Josh Brown says he's reading more books this year. He's tired of market commentators saying the same thing, often wrong and never in doubt.
"Lots of people should probably just shut up already," he said. "They won't. But you don't need to pay attention. Read more books this year instead."
A few years ago I made a decision to read more books and fewer articles. It changed my life. I went further, vowing to read more history and fewer forecasts. That helped even more.
We're in the golden age of online journalism. More excellent, free articles are published daily than ever before. Anyone with a smartphone and a Twitter account has access to the kind of education that in the past was only available to the elite.
But reading is neither passive nor harmless. It's a skill that needs to be developed to ensure you're not wasting your time or making yourself dumber.
Start with books. Their edge over articles is simple: They are an automatic filter.
Everyone I know who has written a book says it's one of the most painful and exhausting experiences of their lives. Writing 100,000 good words on a single topic takes focus and patience that not one person in a hundred has. Six months sitting in an office. Just you and the keyboard. Wondering what you're doing, trying to communicate your life's work into a single deliverable. It's hell. You'll put serious thought in before venturing down that road.

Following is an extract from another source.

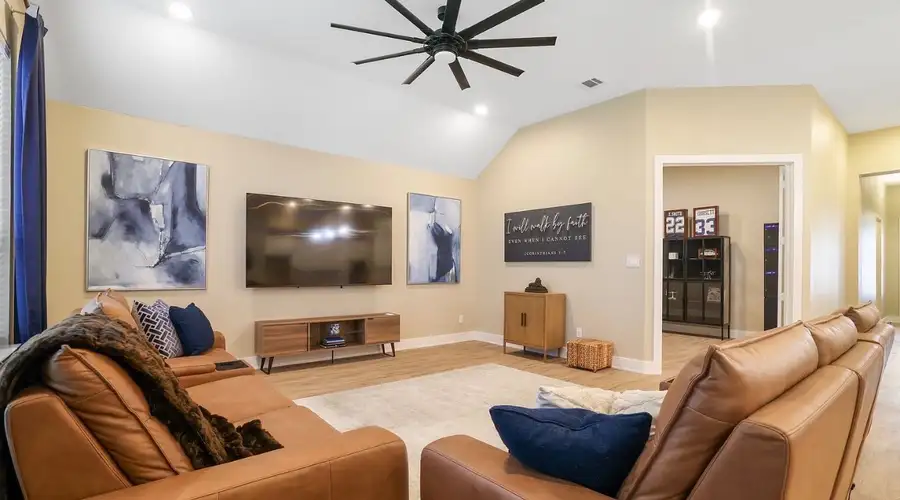 Mesquite Modern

But publishing an article can be done between meals on a sunny weekend. You can do it in your spare time, spur of the moment, without deep thought or commitment. It can be completed in a shorter period of time than it takes to clear away a bad mood, or the burst of optimism you get when the weather's nice. This raises the risk that your words reflect how you feel more than what you think. A radio-show producer once asked if I'd share my six-month market outlook. I told him I didn't have one. He said that was fine: We weren't going on air for an hour, so I had time to make one. In one hour! Confucius said you can't open a book without learning something. He never read an insta-take blog.
Because the barriers to entry are so much higher, books are an automatic filter in a world where content is ubiquitous. Yes, there are bad books. But that's because there are bad writers. The process of writing a book is far more thoughtful and complete than the process of writing an article. As a first approximation, it's where you'll find the best work and the best content.

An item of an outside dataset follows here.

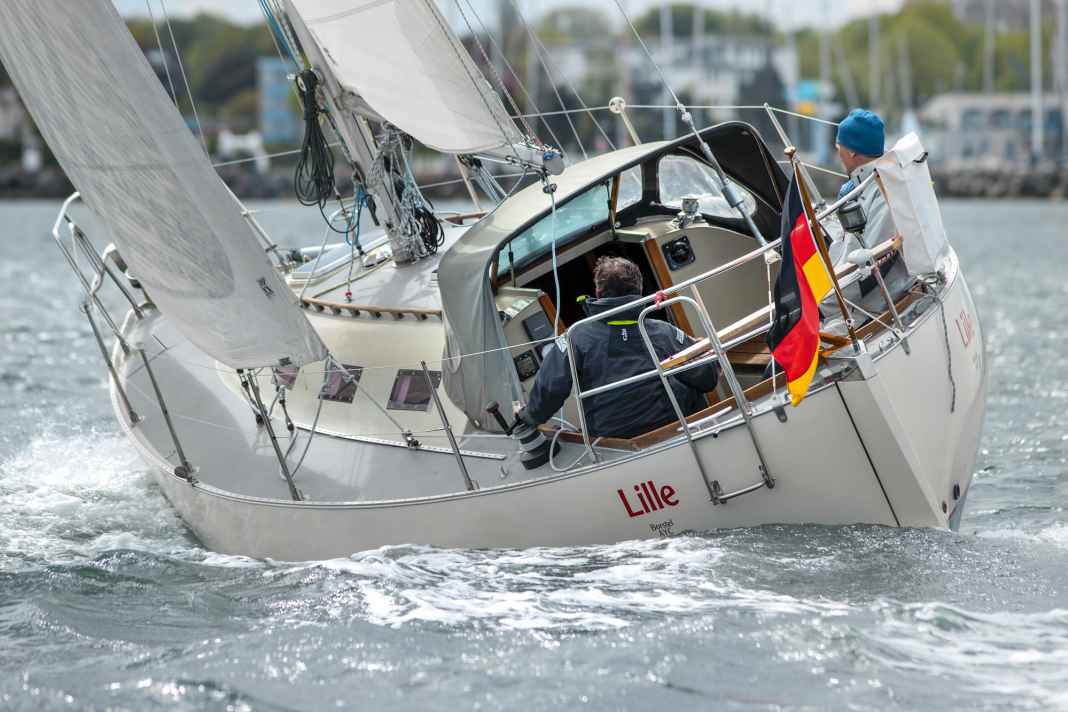 Round stern, organic shapes, wide running decks, small windows - the lines are pleasing to the eye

Now, history versus forecasts.
Forecasts are intellectually seductive because they give us answers to pressing problems. "Tell me where I'm going to die, so I won't go there" the saying goes.
But forecasting is mostly an exercise in taking the recent past and extrapolating it into the future in a straight line. What's far more valuable is history, which is the study of how people reacted when those lines curved and shattered in ways they never foresaw.

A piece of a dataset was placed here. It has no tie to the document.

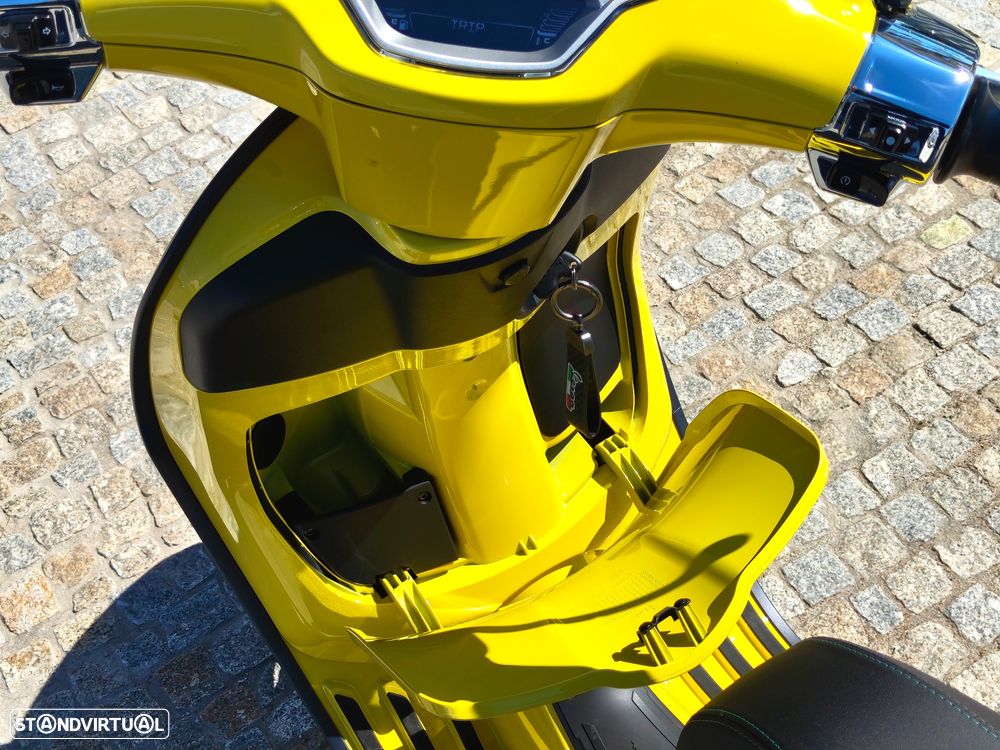 Vespa Primavera 50s - 15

Here's the truth, which most people intuitively know: Most forecasts are a shot in the dark, but how people react to failure and success is stable and predictable. That's where history is helpful: Studying how past investors reacted when things they never expected to happen did happen. A home-price forecast may or may not be worth the paper it's printed on, but studying how people reacted to the last housing bubble and crash is invaluable.
I still read dozens of articles a day. I'm still attracted to forecasts. But books and history take up most of my reading time and the bulk of my learning. It's helped more than I ever imagined.